WHAT TO WORK ON:
Every line of the listing below should be written out exactly, minus its pictures.

SOURCE MATERIAL:
▼▼▼

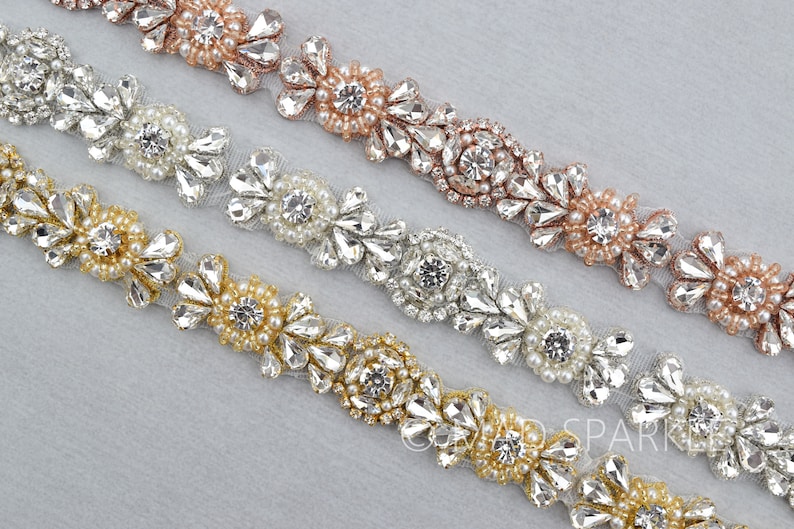 May include: Three rows of beaded trim with clear rhinestones and pearls. The top row is rose gold, the middle row is silver, and the bottom row is gold.
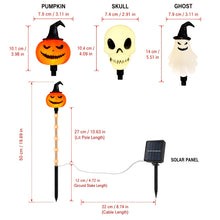 Close up of a pumpkin shaped solar ground light with its removable solar panel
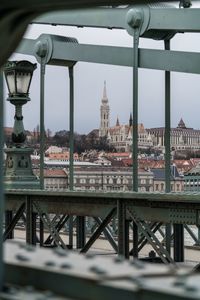 Bridge over river with buildings in background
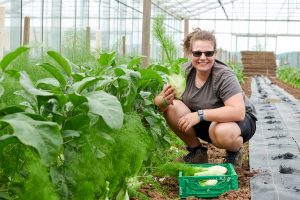 eine junge Frau hockt im Gewächshaus neben einem Beet und erntet Fenchel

▲▲▲

RESPONSE FOR THIS EXERCISE:
 May include: Three rows of beaded trim with clear rhinestones and pearls. The top row is rose gold, the middle row is silver, and the bottom row is gold.
 Close up of a pumpkin shaped solar ground light with its removable solar panel
 Bridge over river with buildings in background
 eine junge Frau hockt im Gewächshaus neben einem Beet und erntet Fenchel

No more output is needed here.